■ **What to do**
Your copy of the listing should be exact and should contain no pictures.

■ **Data provided**
*** Block opens ***

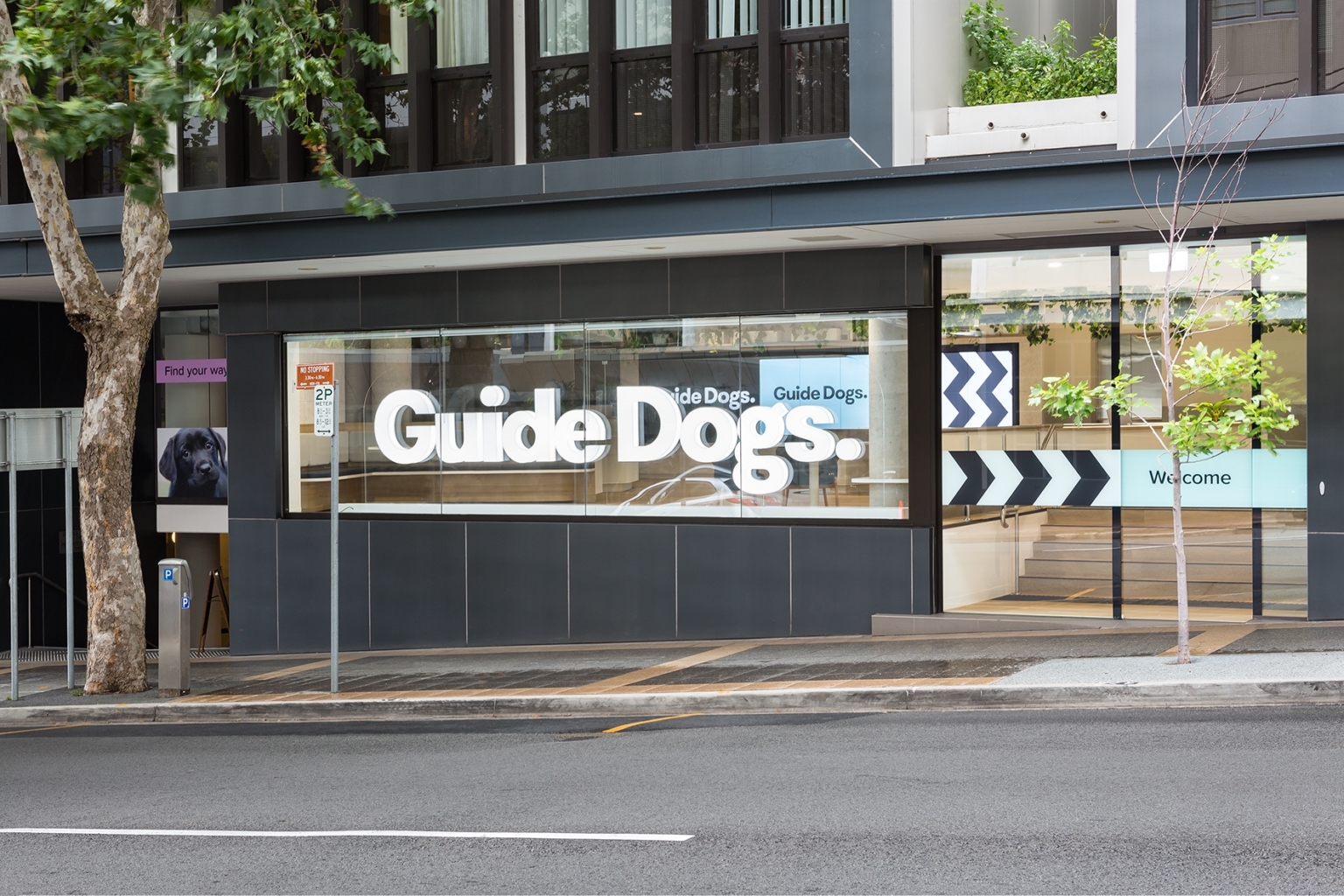 Guide Dogs Offices Sydney Office Snapshots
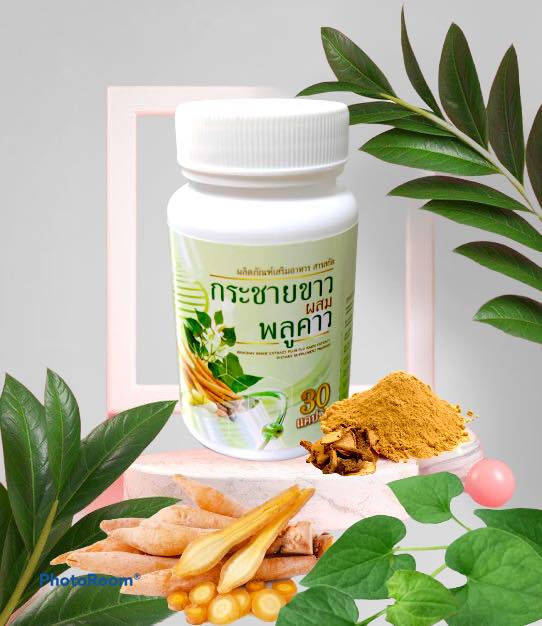 กระชายขาวผสมพลูคาว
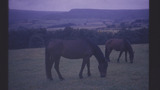 Cleveland Bay Horses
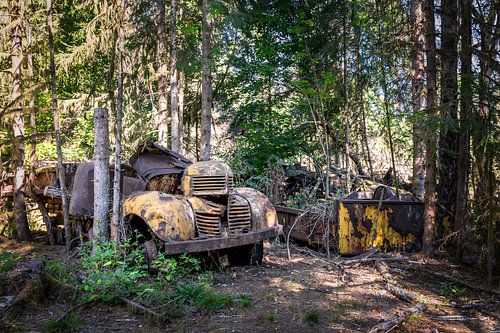 Verlaten pick-up in de Franse bossen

*** Block closes ***

■ **Task output**
 Guide Dogs Offices Sydney Office Snapshots
 กระชายขาวผสมพลูคาว
 Cleveland Bay Horses
 Verlaten pick-up in de Franse bossen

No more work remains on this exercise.